I'd love to hear more. My understanding of the sock/sk lifetimes here
tells me it isn't, but I've been wrong before.

> +EXPORT_SYMBOL(net_register_handler);
>
> This looks like name space polution to me. You cannot really claim
> to be _the_ net_. Give it some other prefix.

I couldn't agree more and continue to point to California and hysterical
raisins. I'll search and replace if someone doesn't beat me to it.

> + /* wait on other node's handler */
> + wait_event(nsw.ns_wq, net_nsw_completed(node, &nsw));
>
> Locking? Without an additional lock net_nsw_completed might be
> false again when you get around to look.
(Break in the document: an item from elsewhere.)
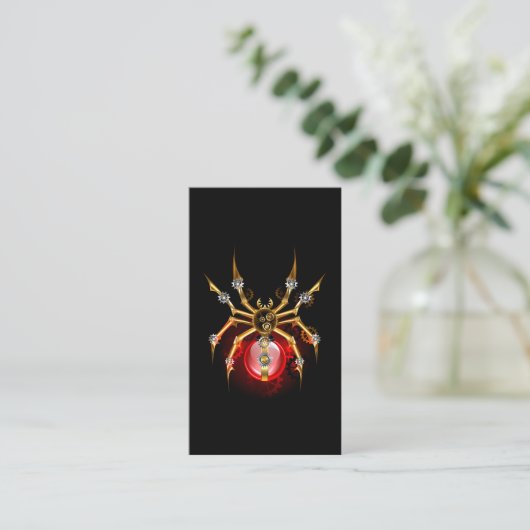 Steampunk spider on black 紹介カード (スタンド正面)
Hmm? net_nsw_completed() holds a lock while testing the list, the list
modification path also uses the lock and unlocks before waking.

> +void dlm_

That's my cue!

- z

2005-06-01 00:57:17

by Mark Fasheh

[permalink] [raw]
Subject: Re: review of ocfs2

Hi Andi,

On Mon, May 30, 2005 at 01:21:01PM +0200, Andi Kleen wrote:
>
> Over the weekend I read the ocfs2 patch (without configfs). Overall
> it looks pretty good and in good shape for merging. Most of the
> stuff I noted are nits, not major things.

Great!

> ocfs2 review.
>
> I mostly commented on details, since I am not really qualified
> to comment on the higher level algorithms right now.

Well, thanks for the very thorough review. I'll try to get a good answer to
as many of your comments below as possible :)

> What seems to be definitely lacking is proper handling of on disk corruptions.
> I suppose this will need some time to fix, so I would suggest
> clear documentation of this shortcomming at least.

Yes, I'll make sure that gets noted in the proper documentation. The general
plan is to give the file system the ability to go into readonly mode when it
encounters a corruption. As it stands I think alot of those paths could
probably cleanly unwind themselves when they see a bad block.

> Mount options
> =============
> None that should be manually specified by the user right now.
>
> Note even noatime or ro? barrier=0/1 for JBD would be nice too and the
> security related options (nodev,nosuid,noexec) which might be even
> important in a cluster. How about the JBD journaling modi?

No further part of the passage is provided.